From the Tabula Sapiens atlas of scRNA-seq profiles19, we obtained transcriptomes for 483,152 single cells across 15 individuals, 24 organs and 177 annotated cell types, with their cell_ontology_class annotation as cell type annotations (we standardized spelling and capitalization). Because of many infrequent cell types in the Tabula Sapiens dataset, we also derived a Tabula Sapiens (20 common cell types) dataset by retaining only the 20 most common cell types in liver, lung and blood (184,450 single cells).

ImmGen

From the RNA-seq profiles and manually curated cell types provided by the ImmGen consortium20 (GSE227743), we established a dataset comprising 42 bulk transcriptome profiles across five human immune cell types.
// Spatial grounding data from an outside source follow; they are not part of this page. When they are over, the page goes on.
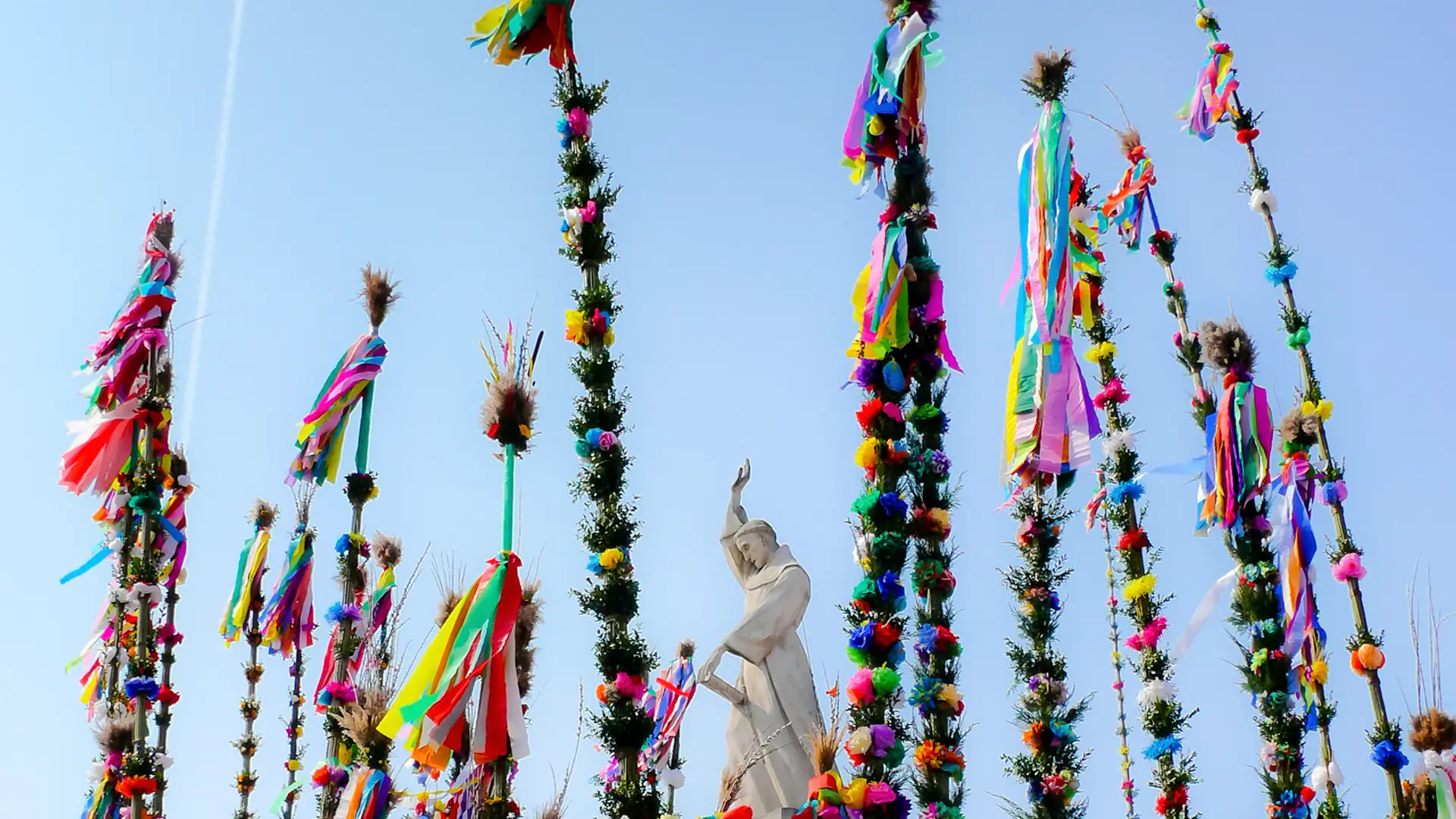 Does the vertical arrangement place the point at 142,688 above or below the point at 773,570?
below

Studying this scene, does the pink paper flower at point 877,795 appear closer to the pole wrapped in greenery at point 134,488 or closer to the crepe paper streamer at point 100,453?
the pole wrapped in greenery at point 134,488

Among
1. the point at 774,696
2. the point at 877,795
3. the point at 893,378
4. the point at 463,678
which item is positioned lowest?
the point at 877,795

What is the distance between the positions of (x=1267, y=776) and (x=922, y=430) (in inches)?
178

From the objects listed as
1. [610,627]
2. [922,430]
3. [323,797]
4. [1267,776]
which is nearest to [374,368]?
[323,797]

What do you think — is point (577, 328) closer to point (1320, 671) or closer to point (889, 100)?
point (889, 100)

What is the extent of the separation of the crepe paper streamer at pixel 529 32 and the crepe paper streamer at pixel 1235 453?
23.1 feet

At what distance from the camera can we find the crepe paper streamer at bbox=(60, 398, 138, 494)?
14.5 metres

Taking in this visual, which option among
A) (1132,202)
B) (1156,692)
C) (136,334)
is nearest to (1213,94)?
(1132,202)

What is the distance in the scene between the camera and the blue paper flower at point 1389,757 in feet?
40.4

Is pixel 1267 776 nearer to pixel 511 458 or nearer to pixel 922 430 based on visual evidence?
pixel 922 430

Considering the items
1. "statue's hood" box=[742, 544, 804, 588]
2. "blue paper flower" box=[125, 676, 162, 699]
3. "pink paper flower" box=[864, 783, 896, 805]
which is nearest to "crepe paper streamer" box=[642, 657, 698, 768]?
"statue's hood" box=[742, 544, 804, 588]

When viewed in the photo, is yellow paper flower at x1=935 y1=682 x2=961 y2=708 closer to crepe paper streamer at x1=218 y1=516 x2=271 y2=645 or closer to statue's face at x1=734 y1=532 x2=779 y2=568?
statue's face at x1=734 y1=532 x2=779 y2=568

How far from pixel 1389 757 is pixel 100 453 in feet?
39.0

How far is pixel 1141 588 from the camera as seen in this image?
14.8 m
Asian Immune Diversity Atlas

From the Asian Immune Diversity Atlas21, we obtained scRNA-seq profiles for peripheral blood mononuclear cells from 619 healthy individuals spanning seven population groups in five countries across Asia. We randomly selected up to 1,000 cells per annotated cell type (including all cells if fewer than 1,000 were available), resulting in a total of 7,842 cells across nine cell types.

Human Development

We obtained scRNA-seq data of human embryonic development, spanning 3–38 days after fertilization (European Nucleotide Archive, ArrayExpress and GEO accessions: PRJEB30442 (ref. 28), E-MTAB-3929 (ref. 26), E-MTAB-8060 (ref. 27), PRJEB40781 (ref. 29), GSE232861 (ref. 30) and GSE155121 (ref. 31)). Raw sequencing data were uniformly processed and aligned to the human genome (assembly GRCh38) using Cell Ranger70 (E-MTAB-8060, GSE232861 and GSE155121) or using the rnaseq pipeline67,69 (all other datasets). The count matrices were corrected for batch effects with scANVI71, resulting in an integrated dataset of 95,092 scRNA-seq profiles.

Pancreas

We obtained a scRNA-seq meta-analysis dataset of human pancreas (https://figshare.com/ndownloader/files/43480497) comprising 16,382 scRNA-seq profiles. This dataset was previously assembled from individual studies that used different transcriptome profiling technologies and was used for benchmarking of methods for single-cell data processing and dataset integration22.

Colonic Epithelium

To showcase CellWhisperer’s analysis of user-provided datasets, we obtained scRNA-seq data for epithelial and other cells from the colon, starting from a normalized read count matrix retrieved from GEO (GSE116222). The dataset consists of 11,175 cells from three healthy individuals and three patients with inflammatory bowel disease. For these patients, samples were taken from inflamed and noninflamed regions.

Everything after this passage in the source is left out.